__Action item__
Beginning with the line that contains "2026 Boston Whaler" and ending with the line that contains "Close-Up Of Hand Holding Illuminated Candles", reproduce the lines of the entries below exactly, omitting pictures.

__Data for this exercise__

━━━━━━━━━━

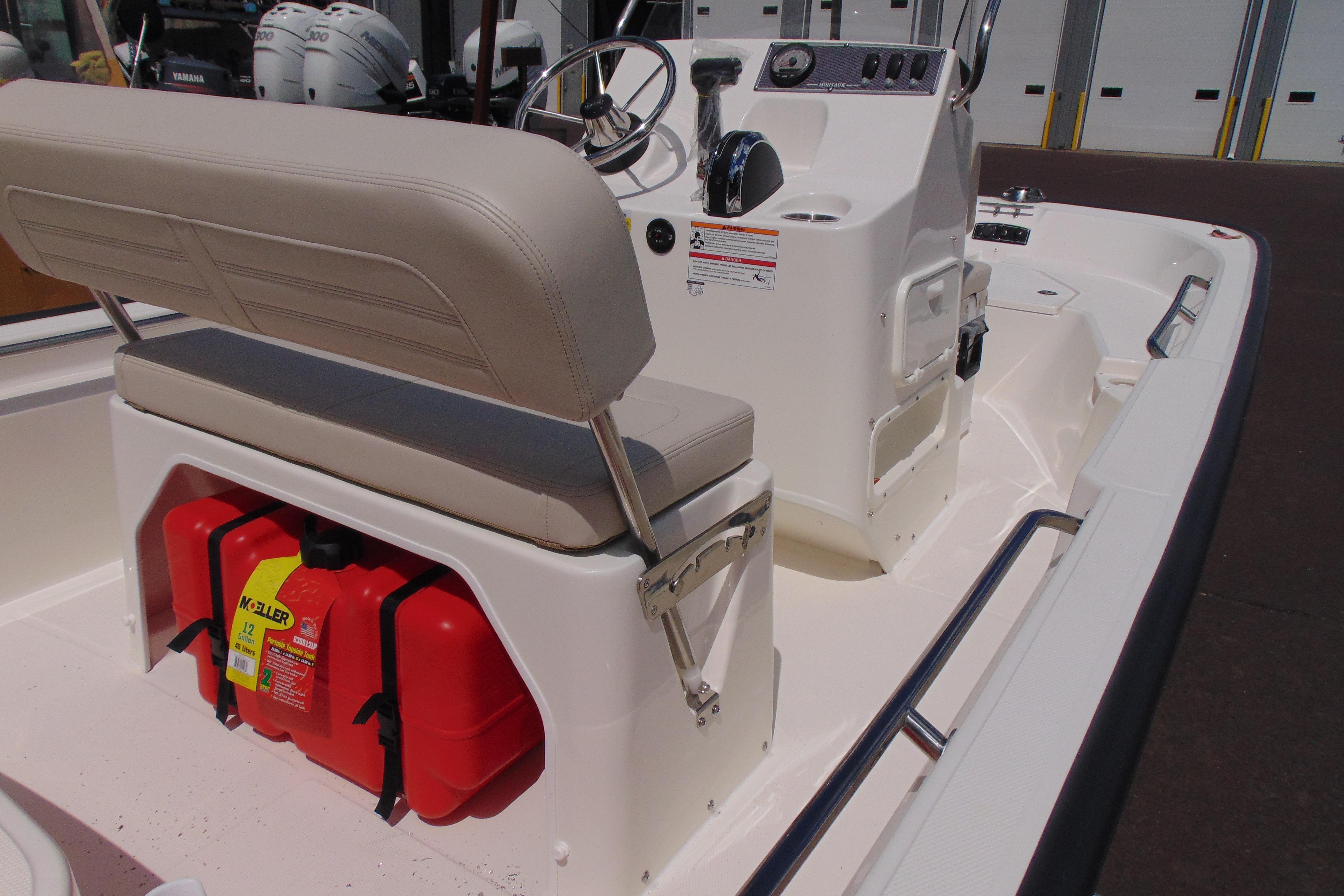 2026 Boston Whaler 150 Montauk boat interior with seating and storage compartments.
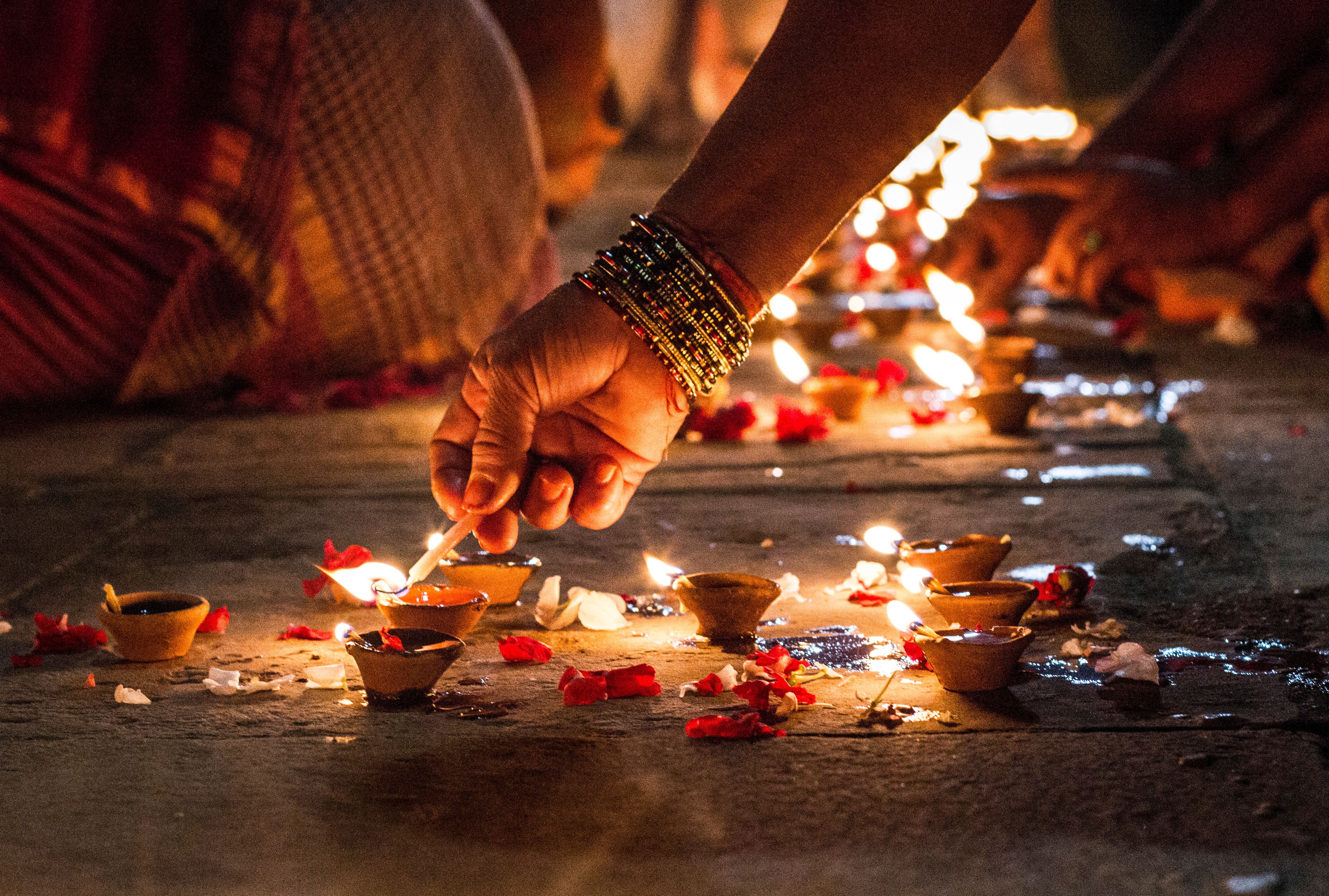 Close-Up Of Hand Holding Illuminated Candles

━━━━━━━━━━

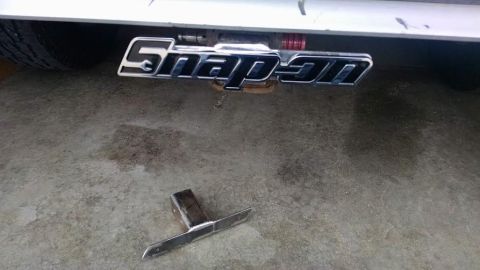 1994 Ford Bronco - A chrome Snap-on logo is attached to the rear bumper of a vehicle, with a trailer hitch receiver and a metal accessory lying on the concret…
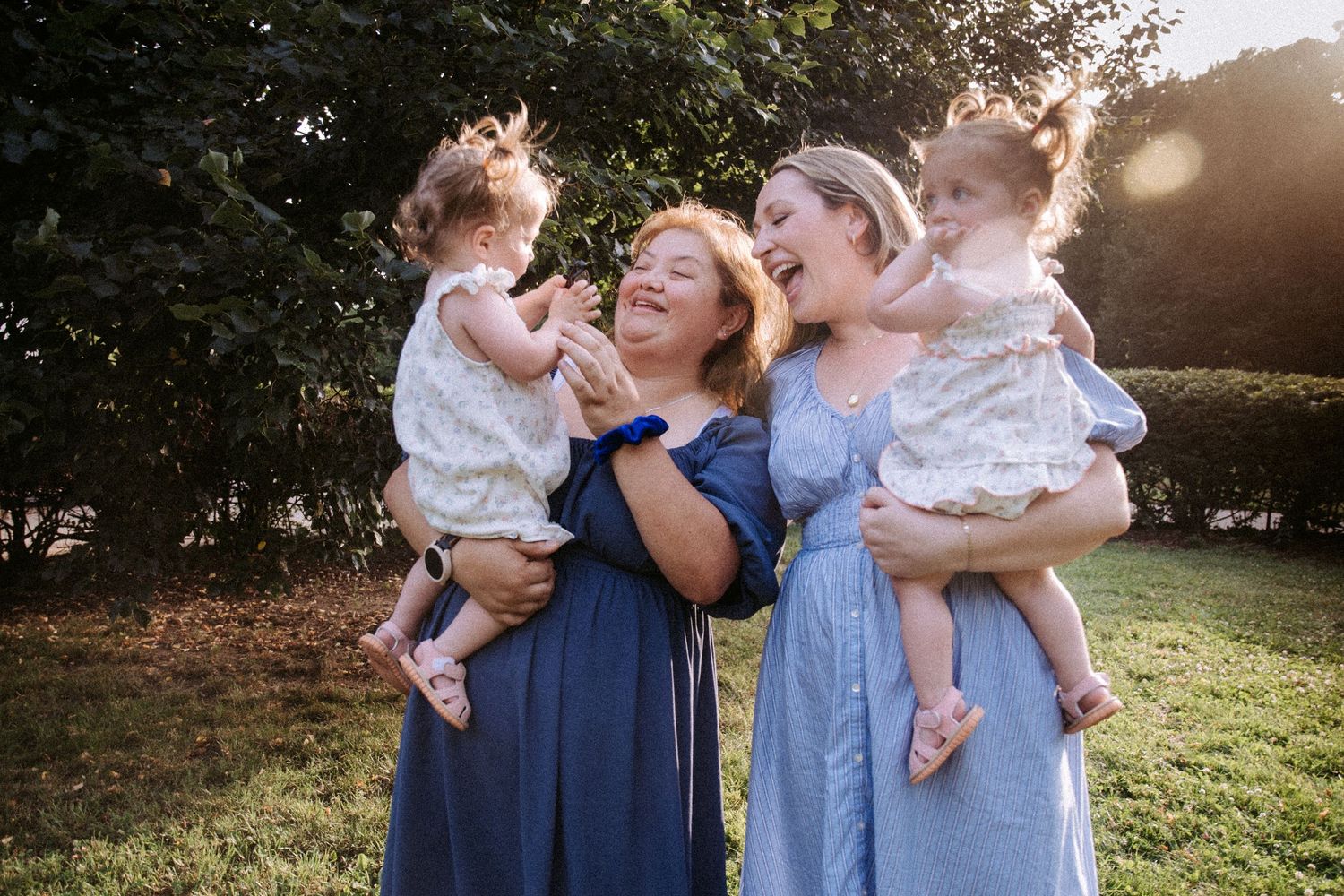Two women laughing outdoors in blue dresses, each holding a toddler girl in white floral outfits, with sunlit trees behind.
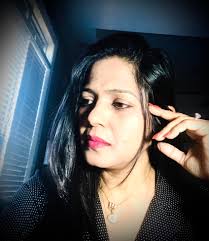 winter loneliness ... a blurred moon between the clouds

━━━━━━━━━━

__Your solution__
 2026 Boston Whaler 150 Montauk boat interior with seating and storage compartments.
 Close-Up Of Hand Holding Illuminated Candles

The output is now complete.